Different HCS and RTA versions provide different CpG methylation levels
WGBS relies on bisulfite conversion of unmethylated C, but not 5mC, to uracil. Because 5mC normally occupies only a small proportion of Cs, bisulfite-treated DNA shows depletion of C, resulting in a low diversity sequence. PBAT-seq is designed to generate sequence reads complementary to the bisulfite-converted strand, and thus 5mC appears as G in the first read (R1) and as C in the second read (R2) (Additional file 1: Figure S1b) [4]. In the course of our WGBS study of early postnatal mouse spermatogonia [13], we realized that the global CpG methylation level determined by PBAT-seq of the same library significantly changed upon HCS and RTA updates of the HiSeq sequencer. Therefore, we set out to examine the generality of the problem and to explore the causes. Throughout this paper, global CpG methylation levels refer to weighted levels, which take sequencing depth into account [19].
We performed a series of single-end runs using three PBAT libraries (IMR-90 human fibroblasts, mouse epiblast-like cells [EpiLCs], and mouse spermatogonia). Each library was sequenced multiple times (replicates) and each replicate run was performed using a lane of flow cell on a HiSeq 1500 or HiSeq 2500 sequencers (Additional file 1: Figure S1c). We mapped single-end sequence reads trimmed to 96 bases on the human (hg19) or the mouse (mm10) reference genome and obtained 59–99 million uniquely mapped reads per lane (Additional file 1: Table S1). We confirmed that different combinations of HCS and RTA versions provided different global CpG methylation levels (up to approximately 5% difference) for the same libraries (Fig. 1a, b, Additional file 1: Figure S2a). Such differences were observed even when an identical HiSeq sequencer was used (Additional file 1: Figure S1d). The global CpG methylation difference of 5% was not negligible because similar differences were observed in several types of mouse cells during differentiation (Additional file 1: Figure S3).
For the three libraries, HCS v2.0.5 always provided the highest CpG methylation level, and HCS v2.0.12 the lowest (Fig. 1a). Compared with the other HCS versions, HCS v2.0.12 provided less Gs (Fig. 1a), indicating that a decreased G count is the cause of the lower methylation levels.
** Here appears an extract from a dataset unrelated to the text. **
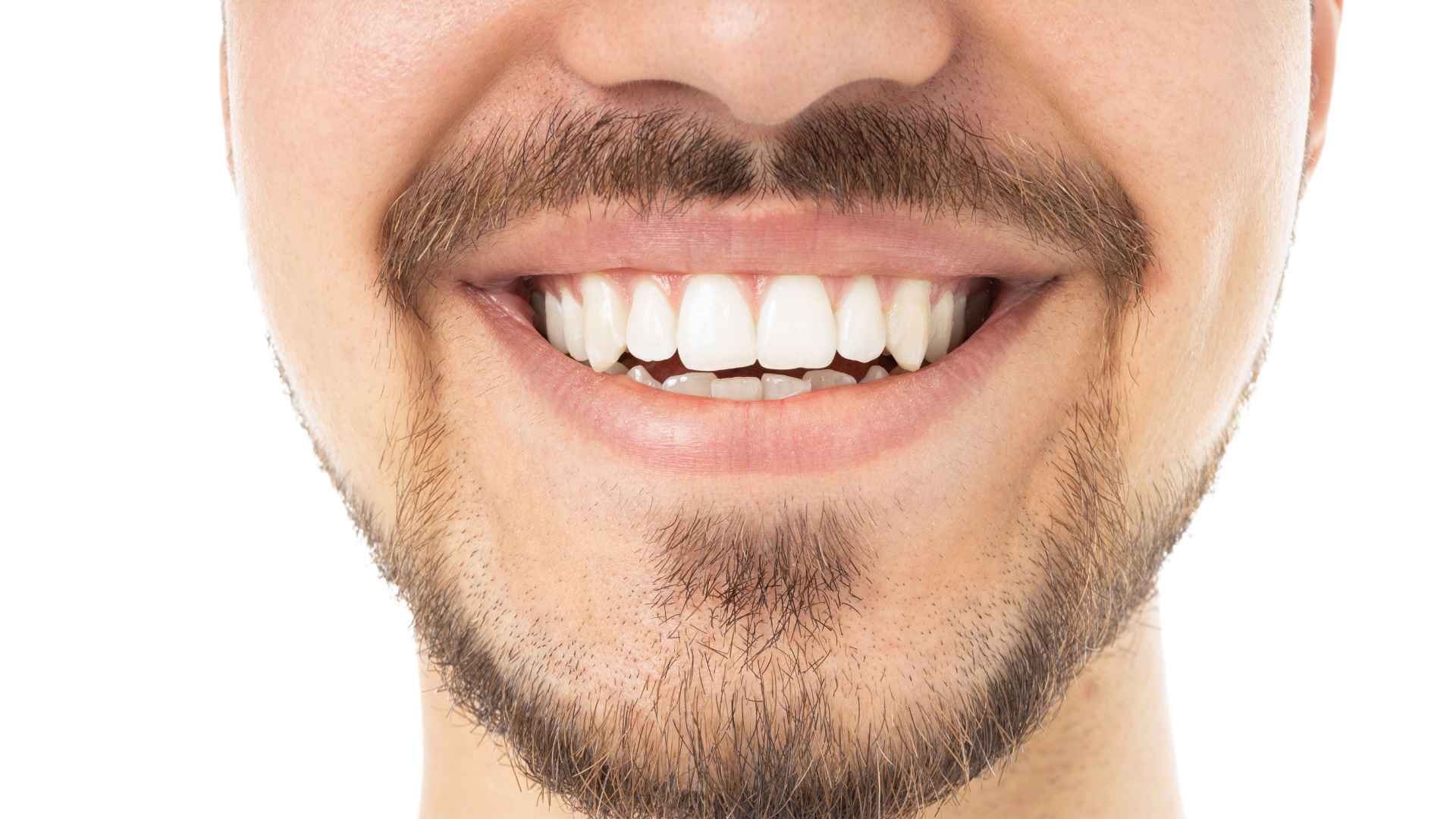 How to Remineralize Your Teeth After Whitening: A Complete Guide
HCS v2.0.10 provided a methylation level approximately 5% higher than that obtained by HCS v2.0.12, even though the same RTA version (v1.17.21.3) was used (Fig. 1b, Additional file 1: Figure S2b). Thus, HCS and not RTA was the major determinant of the observed differences. Regions with higher CpG density tended to show larger differences between HCS v2.0.5 and v2.0.12 (Fig. 1c, Additional file 1: Figure S2c). Furthermore, when we tried to identify partially methylated domains (PMDs) in EpiLCs, the two versions gave very different results (Additional file 1: Figure S2d). The PMDs are observed in several cell types including cancer cells [20] and associated with intermediate levels of methylation, specific histone modifications, nuclear lamina, and gene silencing [21, 22], showing that different HCS versions can impact biological outcomes.
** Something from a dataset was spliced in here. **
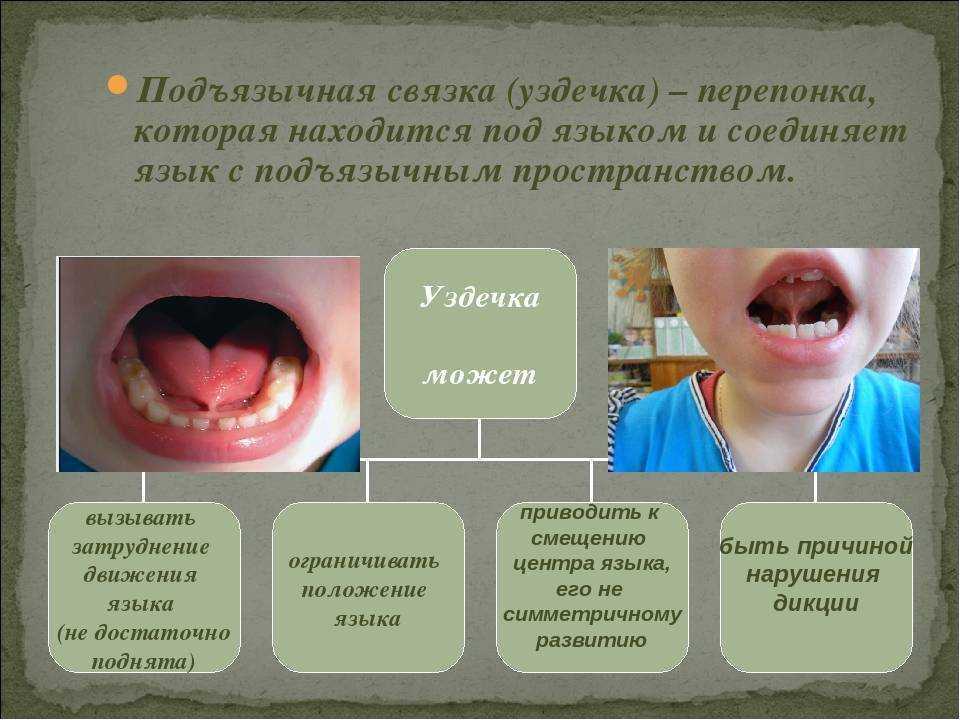 Классификация уздечек языка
We next prepared a paired-end PBAT library from IMR-90 human fibroblasts and compared the results obtained using the three HCS versions (Additional file 1: Table S1). As mentioned above, 5mC appears as G in R1 and as C in R2 in paired-end PBAT-seq (Additional file 1: Figure S1b). R1 data showed CpG methylation differences with different HCS versions (Fig. 1d), similar to those observed by single-end PBAT-seq (Fig. 1a). Interestingly, R2 data showed smaller differences (<1.0%) (Fig. 1d). Thus, R1 data derived by HCS v2.0.12 produced a significantly lower (approximately 4%) methylation level than the corresponding R2 data (Fig. 1d). Ideally, R1 and R2 data should provide identical methylation levels. Among the HCS versions, v2.0.5 produced the closest R1 and R2 methylation levels (Fig. 1d).
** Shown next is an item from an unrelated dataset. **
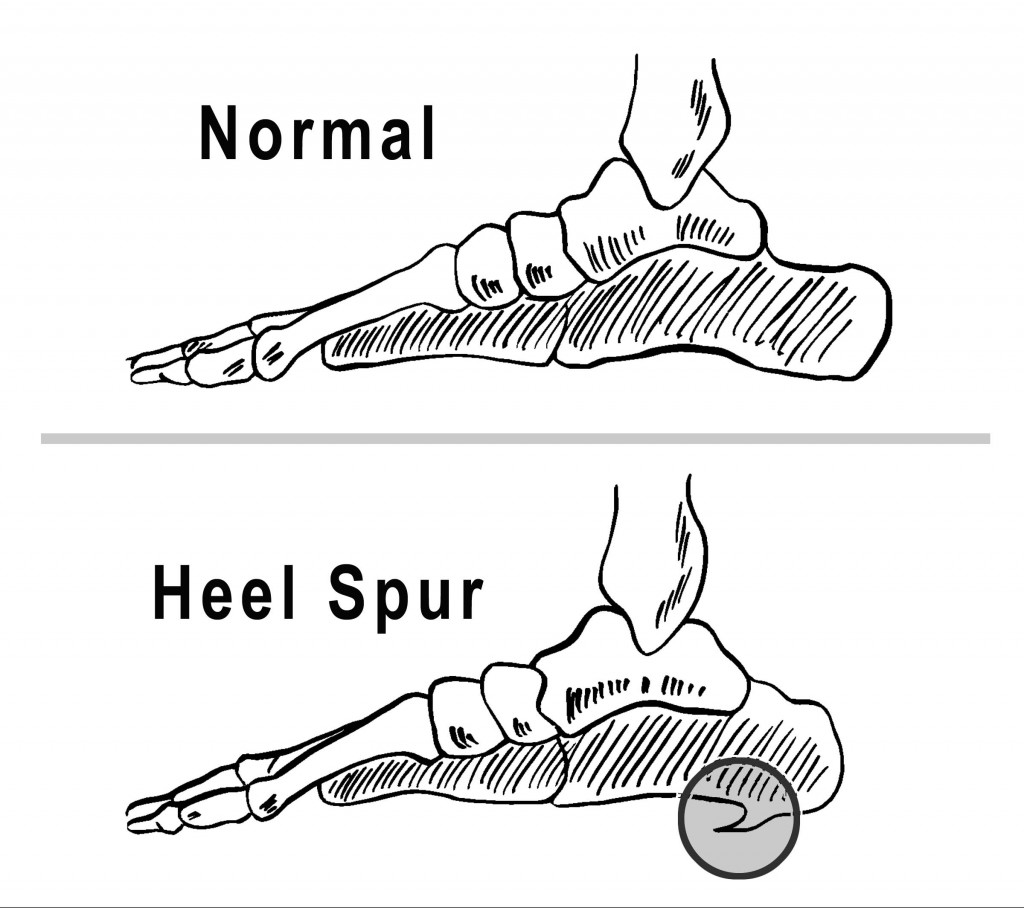 Drawing of heel, normal and with spur. Compliments of Dr. Burton S. Schuler, podiatrist, foot doctor, Panama City Fl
We previously performed paired-end MethylC-seq with human genomic DNA (purchased from Promega) using HCS v2.0.12 and RTA v1.17.21.3 (accession no. DRA002280) [14]. MethylC-seq is designed to read 5mC as C in R1 and as G in R2 [3], which is the opposite of PBAT-seq. The global CpG methylation level determined using R2 data (55.5%) was lower than that determined using R1 data (57.4%) as expected. However, the difference between R1 and R2 methylation levels was relatively small (1.9%) compared with the other paired-end WGBS cases. We then realized that this particular paired-end MethylC-seq library had contained unconverted PhiX DNA at 50% w/w. Thus, the 50% w/w PhiX DNA spike-in may have alleviated the problem, perhaps through increasing the sequence diversity, for this run using HCS v2.0.12. These results suggest that R1 of PBAT-seq and R2 of MethylC-seq provide lower methylation levels than the other reads and that the methylation level is lower when 5mC is read as G or is higher when 5mC is read as C.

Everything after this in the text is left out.